Skip to main content

Module autoscale_controller

Module autoscale_controller 

Source
Expand description

AutoscaleController - Connects autoscaling decisions to container scaling

This module provides an AutoscaleController that bridges the scheduler’s autoscaling logic with the agent’s ServiceManager to automatically scale services based on resource utilization.

It drives three orthogonal control loops over the same metrics tick:

  1. Horizontal (replica count) — the original adaptive autoscaler that grows/shrinks replicas to hit CPU / memory / RPS targets.
  2. Scale-to-zero (Phase 2) — when an adaptive service declares idle_window and min == 0, the controller reaps every replica after the service has been idle (no meaningful CPU / RPS) for the window.
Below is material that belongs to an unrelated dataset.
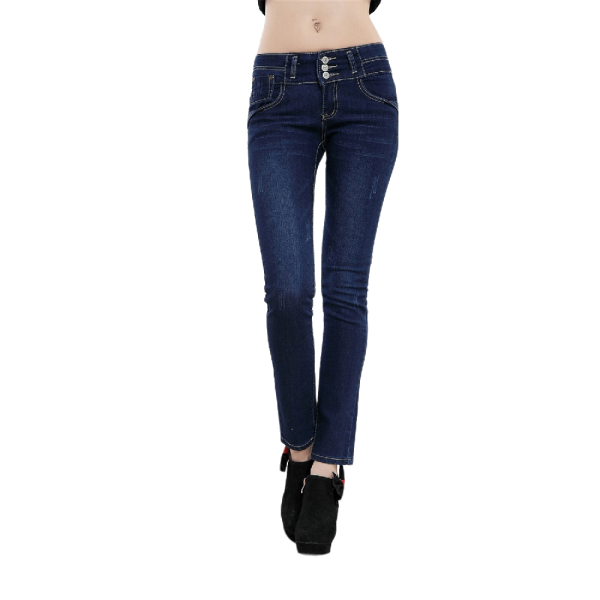 Replay Women's Vicki Straight Jeans Blue - Image 2
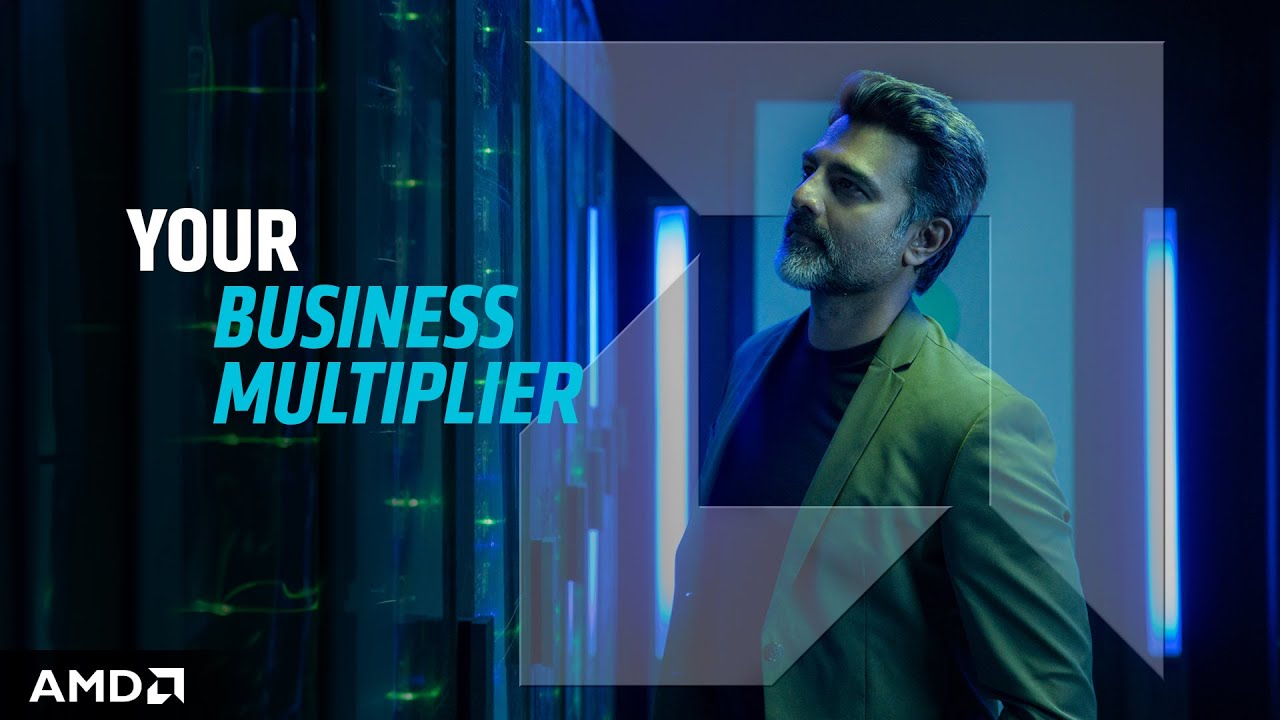 Advancing AI from Cloud to Edge to Endpoints | Enterprise Solutions by AMD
The proxy activator wakes it again by calling AutoscaleController::mark_active on the next inbound request.
  3. Vertical (right-sizing, Phase 3) — when an adaptive service declares a vertical block, a VpaEngine observes per-replica usage and emits CPU-millis / memory-MiB recommendations. In Recommend mode they are logged; in Auto mode they are applied via Runtime::update_container_resources, with a rolling restart fallback when the runtime cannot live-update a running container’s cgroup.

§Architecture

┌────────────────────────────────────────────────────────────────────┐
│                     AutoscaleController                            │
│  ┌─────────────────┐  ┌────────────┐  ┌──────────────────┐       │
│  │ CgroupsMetrics  │  │ Autoscaler │  │ ServiceManager   │       │
│  │    Source       │──│  + VpaEngine│──│  (scaling)       │       │
│  └─────────────────┘  └────────────┘  └──────────────────┘       │
└────────────────────────────────────────────────────────────────────┘

§Example

use zlayer_agent::autoscale_controller::AutoscaleController;
use zlayer_agent::{ServiceManager, RuntimeConfig, create_runtime};
use std::sync::Arc;
use std::time::Duration;

// Create runtime and service manager
let runtime = create_runtime(RuntimeConfig::Mock).await?;
let manager = Arc::new(ServiceManager::new(runtime.clone()));

// Create autoscale controller
let controller = AutoscaleController::new(
    manager.clone(),
    runtime.clone(),
    Duration::from_secs(10),
);

// Register services with adaptive scaling
controller.register_service("api", &scale_spec, 2).await;

// Run the autoscaling loop (in background)
let handle = tokio::spawn(async move {
    controller.run_loop().await
});

// Later, shutdown
controller.shutdown();

Structs§

AutoscaleController
Controller that connects autoscaling decisions to actual container scaling
VpaEngine
Per-container vertical-pod-autoscaler engine.
VpaRecommendation
A vertical right-sizing recommendation for a single container: the target CPU allotment in millicores and the target memory in MiB.

Constants§

DEFAULT_AUTOSCALE_INTERVAL
Default autoscaling evaluation interval

Functions§

has_adaptive_scaling
Check if any service in a deployment has adaptive scaling